As I've mentioned before, the borders of the countries in the Balkans have been fluid during the last 100 years and have changed many times. The present border between Greece and Macedonia (known formally by the name the Former Yugoslav Republic of Macedonia ((FYROM) in the UN because of the dispute) was drawn after WWII. Thousands of Slavic Macedonians were expelled from the Greek side of the line - the politics were running hot and heavy because Tito wanted to establish legitimacy for Yugoslavia and the Allies wanted to keep Greece from going over to the Communists. Even the name of Thessaloniki, the second largest city in Greece, has been changed from Saloniki to Thessaloniki to represent that it was now in Greece. So while the countries have coexisted peacefully for many, many years, there are still some tensions, and they come out over the use of the name Macedonia.

The train master above is from Negotino in Macedonia, where Tracy and I caught one of the last trains down to Thessaloniki - the run ended Jan. 1. The train was late - very common - and we had some time sitting with him in his office chatting as best we could in Macedonia. He started talking about the name issue - his name was Risto and how could anyone ask him to change his name? What right did the Greeks have asking the country to change its name? and so on. One thing Tito did was strengthen the Slavic Macedonian identity, and it worked - they are Macedonians! We then took the lovely ride down to Thessaloniki. We were to meet the people we were staying with at IKEA (yes, it's the same one) which was on the other side of town from the train station, so climbed on a bus. It was very crowded and uncomfortable for us with all our bags, so the minute we thought they announced IKEA we jumped off, even though we weren't certain it was what was said. Sure enough, it wasn't the right stop. I asked a very nice woman where IKEA was, and she told me to get back on the bus and continue a little way farther. She then asked me where I was from. "America", I said, "but I'm living now in Macedonia." "Where?" she asked, her eyebrow raising. "Macedonia," said I, in all innocence. "This is Macedonia, you are from Skopje," was her forceful reply. Oops. All throughout our visit, if we said we were from Macedonia we got strange looks and sometimes huffy responses. "We are all Macedonians - how can you take our identity?" Most of the Greeks referred to Macedonia as Skopje, which confused me for a while until I realized they weren't just talking about the town but the whole country. It was interesting to live the controversy and not just read about it.

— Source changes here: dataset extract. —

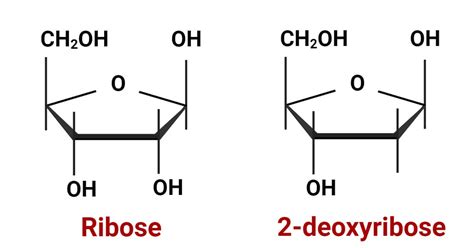 Pentose Sugar: Classification, Structural Forms, Uses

Going to Greece was like stepping into a whole new world. The towns were gorgeous and not filled with communist functional gray buildings, and despite the economic woes it felt downright prosperous compared to Macedonia. The weather was warm and the Adriatic sparkled. Ahhhh! We stayed outside of town with a lovely, interesting couple - the other pictures above were taken on our walks around the countryside by their home. Across the valley that their home overlooked was Mt. Olympus - we were staying in the valley of the gods. It was a wonderful break from the gray, wintery glumness that had pervaded Macedonia. We met with officials from the American Farm School to talk about possible cross border collaboration - they want us to come back in March to discuss it more. By the way, as part of the Farm School, they have a college, Perrotis College, which has an exchange program with schools back in the States. College students can come, take classes on Greek civilization and culture and optional classes including the Greek Palate, hike Olympus, take a sailing trip out to an island - sounds like a wonderful opportunity. It was a great trip and we met such nice people - I hope we do return in March!